§ **Available records**:
───

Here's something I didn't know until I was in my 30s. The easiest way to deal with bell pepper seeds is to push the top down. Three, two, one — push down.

───

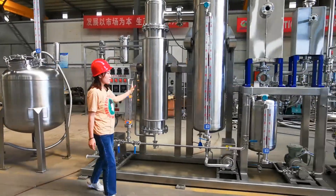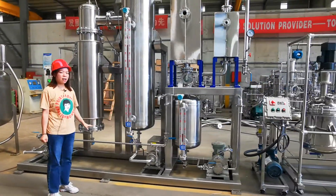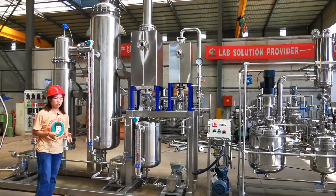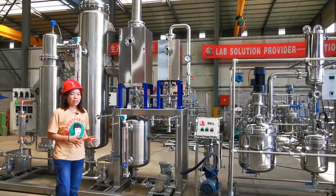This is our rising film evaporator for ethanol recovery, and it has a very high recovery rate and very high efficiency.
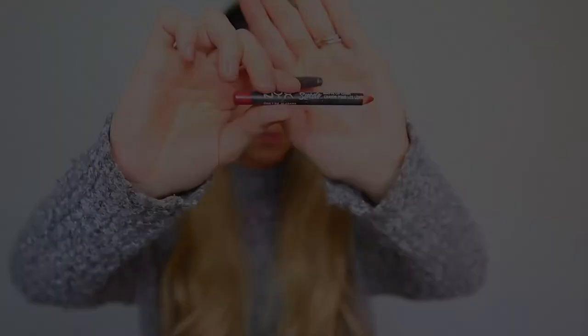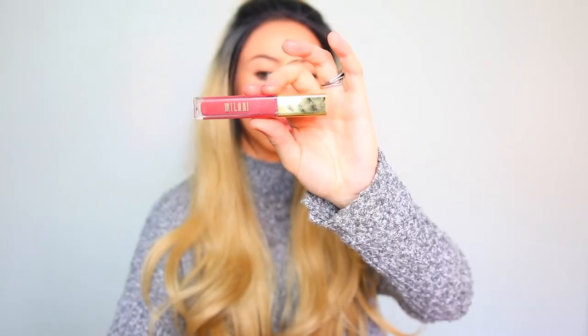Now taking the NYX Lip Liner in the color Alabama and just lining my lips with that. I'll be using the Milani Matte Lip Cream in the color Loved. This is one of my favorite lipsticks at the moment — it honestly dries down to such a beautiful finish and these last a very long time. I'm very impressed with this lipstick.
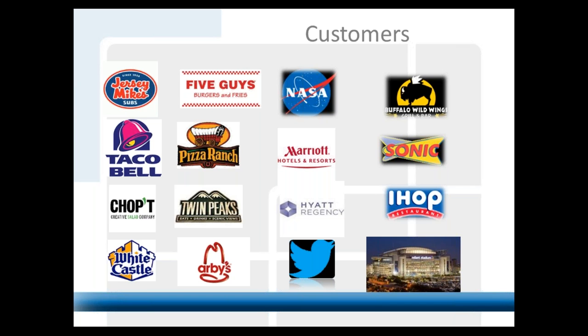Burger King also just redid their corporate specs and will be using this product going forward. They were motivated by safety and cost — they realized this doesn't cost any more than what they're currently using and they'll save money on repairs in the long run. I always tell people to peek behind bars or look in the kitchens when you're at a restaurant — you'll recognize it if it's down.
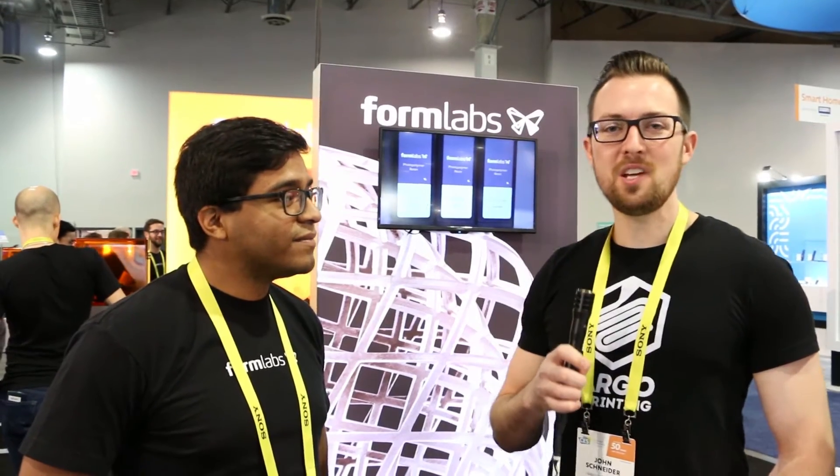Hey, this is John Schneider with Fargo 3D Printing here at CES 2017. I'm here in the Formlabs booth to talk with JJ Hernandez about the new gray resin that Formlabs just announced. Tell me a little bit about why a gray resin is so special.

───

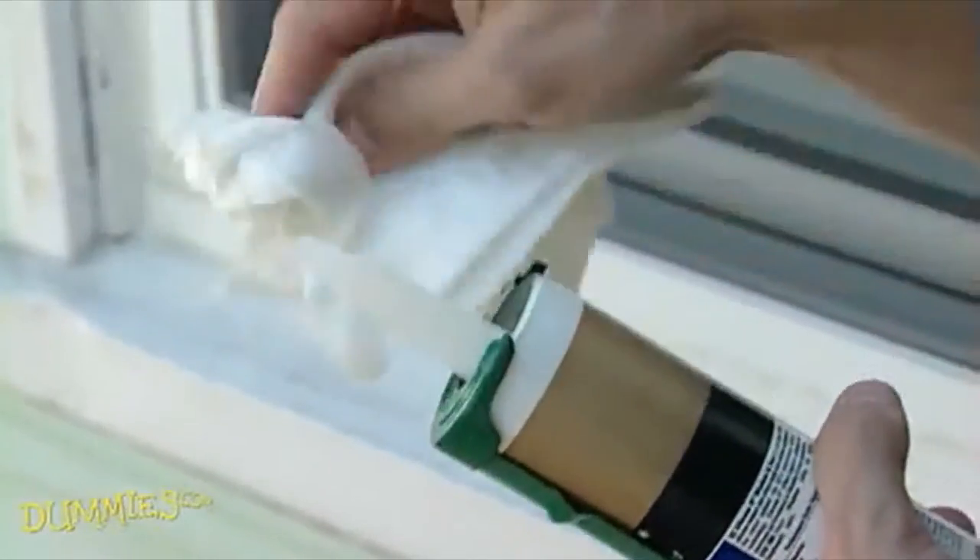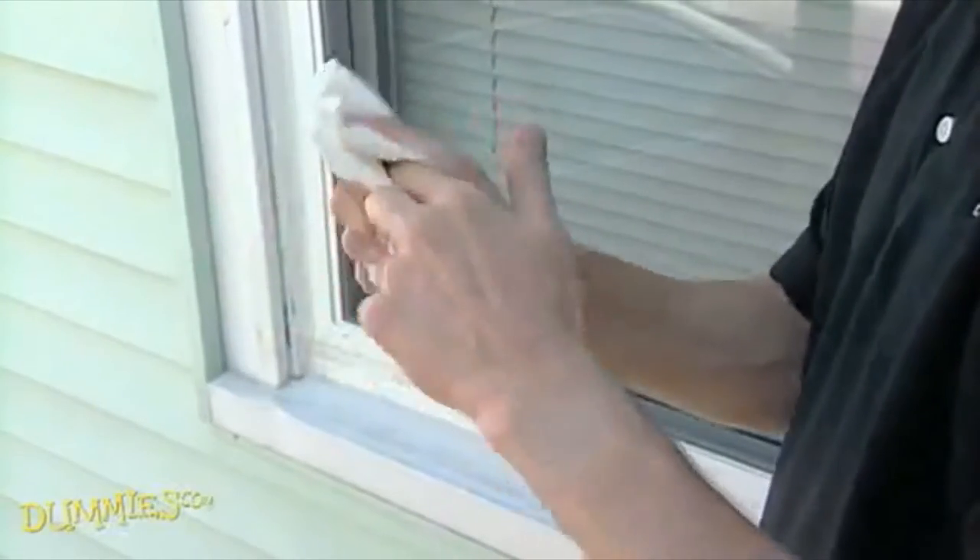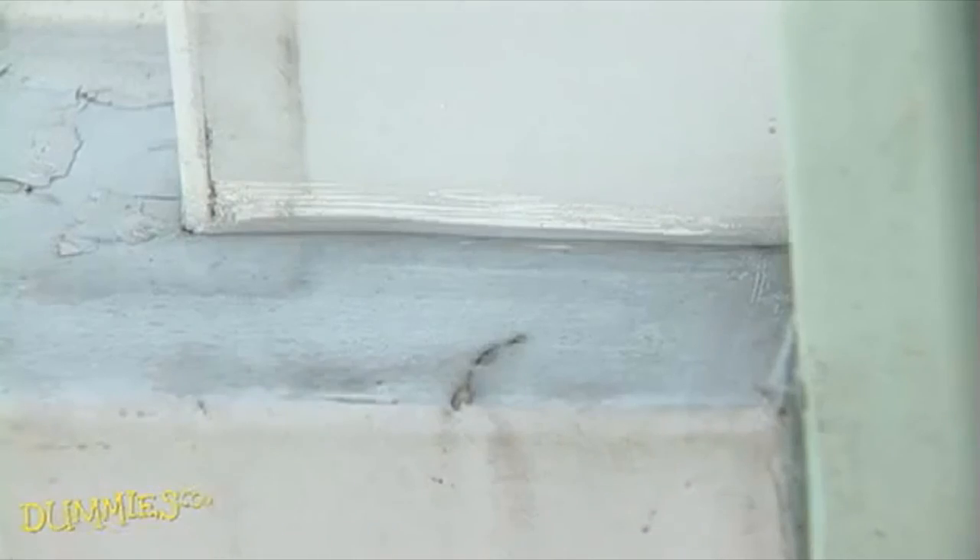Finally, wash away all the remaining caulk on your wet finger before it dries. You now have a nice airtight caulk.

───

§ **Work task**:
Look above for the line with "This is our" and the line with "Hey, this is", then copy them and all lines in between exactly as written, and only those, without any pictures.

§ **Result of the task**:
This is our rising film evaporator for ethanol recovery, and it has a very high recovery rate and very high efficiency.
Now taking the NYX Lip Liner in the color Alabama and just lining my lips with that. I'll be using the Milani Matte Lip Cream in the color Loved. This is one of my favorite lipsticks at the moment — it honestly dries down to such a beautiful finish and these last a very long time. I'm very impressed with this lipstick.
Burger King also just redid their corporate specs and will be using this product going forward. They were motivated by safety and cost — they realized this doesn't cost any more than what they're currently using and they'll save money on repairs in the long run. I always tell people to peek behind bars or look in the kitchens when you're at a restaurant — you'll recognize it if it's down.
Hey, this is John Schneider with Fargo 3D Printing here at CES 2017. I'm here in the Formlabs booth to talk with JJ Hernandez about the new gray resin that Formlabs just announced. Tell me a little bit about why a gray resin is so special.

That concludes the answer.